A language element which generates a quantification (such as "every") is called a quantifier. (From Wikipedia)
Some of the logic symbols like ∀, ∃ were introduced in high school, so it's quite easy to understand those quantified sentences.
In the implication section, I learned how to write an "if..., then..." sentence in math language.
And it was quite interesting to find out that if my mom told me that
"If you eat vegetables, then you can have dessert."
I might also have dessert, because she doesn't mention the case I don't eat vegetables. (Real life is different...)
Actually, we can write the sentence like: I eat vegetables => I have dessert.
We cannot tell whether the reverse and the negation are True,
so the implication: "I don't eat vegetables => I have dessert" maybe True or maybe False.
However, the contrapositive of a statement is the same as the original sentence.
It's like: "I eat vegetables => I have dessert" equals "I didn't have dessert => I didn't eat vegetables".
They are both True of False.
The most tricky thing in this week must be "only if".

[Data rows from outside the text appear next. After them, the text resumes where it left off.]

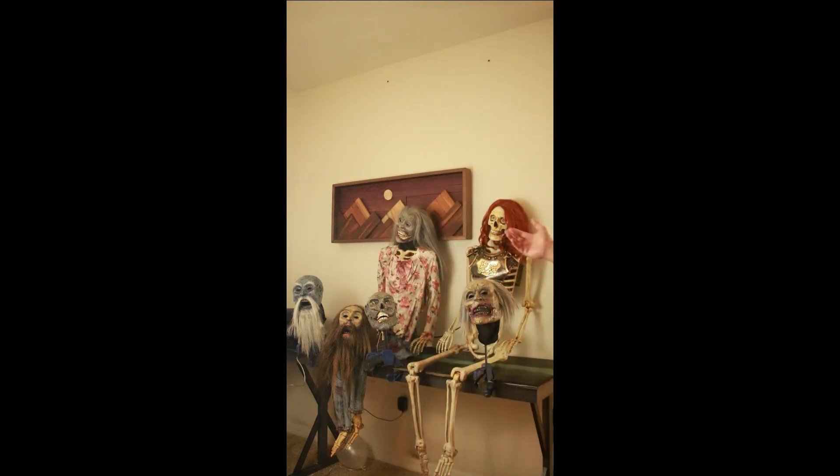Basically, these animatronics — I made them following tutorials on YouTube and then designing my own stuff with 3D-printed parts inside the actual head. What you're going to get is this full display here: the two skeletons that have the talking heads. They move, they're fully customizable 100%, and you can even go live with them and break your routines.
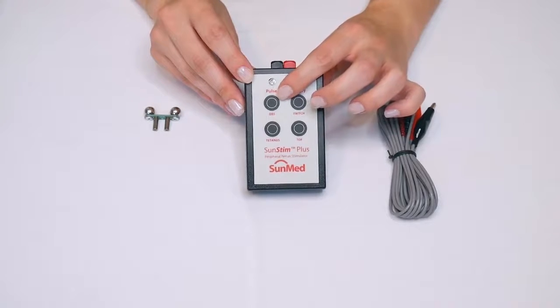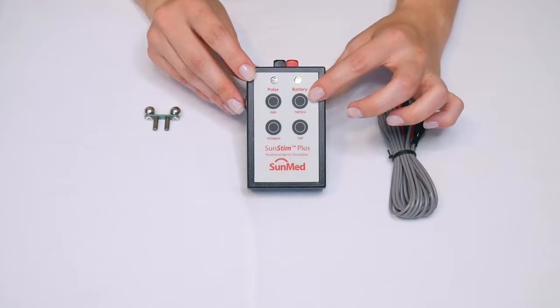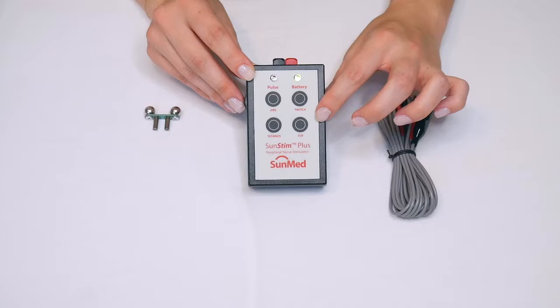Twitch mode produces twitch stimulation when pressed and held down, which is automatically repeated one pulse per second. You can turn it off by clicking the double burst or TOF button.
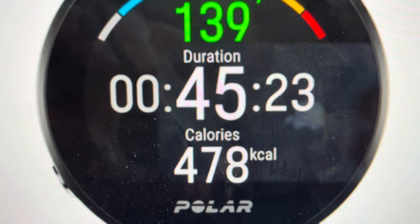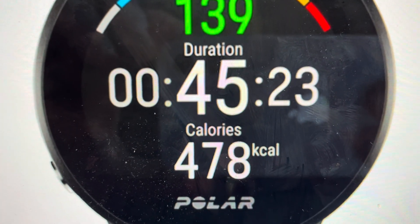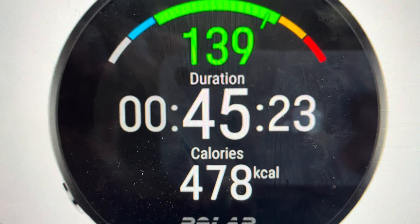The other reason is if you want to get a fresh start on this watch — maybe you're giving it away, buying a used one, or for whatever reason you want to have it like it was when it came out of the box with no information or settings on it. We can go ahead and do that pretty simply.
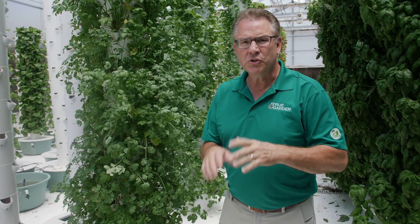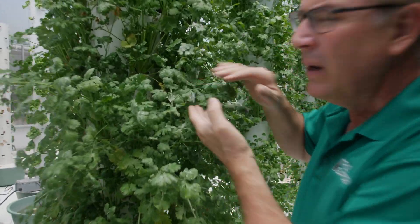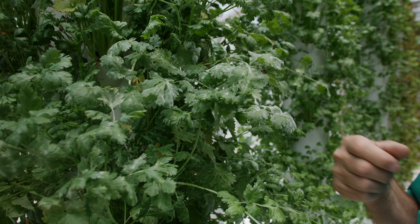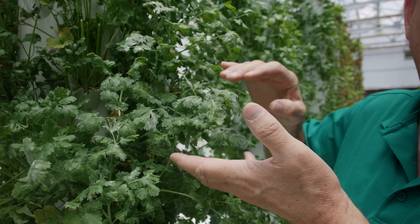I get the question all the time: how to treat powdery mildew, or what is this white stuff on our cilantro or on our cucumber leaves? Well, this is powdery mildew here. You can use something in your own household — baking soda. There are different recipes you can use to help treat this. A lot of times we'll cut it back. There's nothing wrong with it; you can wash it and still eat it.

The professor said in the sentence "I'll go if you insist", "you insist" is antecedent, and "I'll go" is the consequent, which is easy to understand.
However, in the sentence "I'll go only if you insist" is on the opposite.

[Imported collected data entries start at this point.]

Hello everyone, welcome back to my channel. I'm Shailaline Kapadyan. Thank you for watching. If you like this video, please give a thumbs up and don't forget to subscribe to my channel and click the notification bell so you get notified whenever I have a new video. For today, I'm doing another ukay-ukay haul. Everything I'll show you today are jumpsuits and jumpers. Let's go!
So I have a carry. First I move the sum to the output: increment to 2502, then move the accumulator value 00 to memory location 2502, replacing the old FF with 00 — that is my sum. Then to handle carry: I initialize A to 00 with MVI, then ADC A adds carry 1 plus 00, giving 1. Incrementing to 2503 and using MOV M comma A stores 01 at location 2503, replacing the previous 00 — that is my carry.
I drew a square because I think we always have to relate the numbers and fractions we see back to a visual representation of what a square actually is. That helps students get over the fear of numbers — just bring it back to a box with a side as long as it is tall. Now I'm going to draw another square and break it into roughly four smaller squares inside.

After the discussion with my friend, I finally figured it out.
In the first sentence, we know that You insist => I'll go, but we cannot indicate that if I go, then you must be insisting.
But in the second sentence, "I'll go only in the case that you insist" indicates that if I'll go, then you must be insisting. BUT, I may still not go if you are not insisting, so the reverse (first sentence) is not sure.
It's easy to understand that the phrase "if and only if" equals to "<=>",
so "if P, then Q" means "P => Q" and "only if P, then Q" means "P <= Q"
(It's just my way to understand these kind of tricky sentences, I'm not sure whether they are technically right, though I think they are right.)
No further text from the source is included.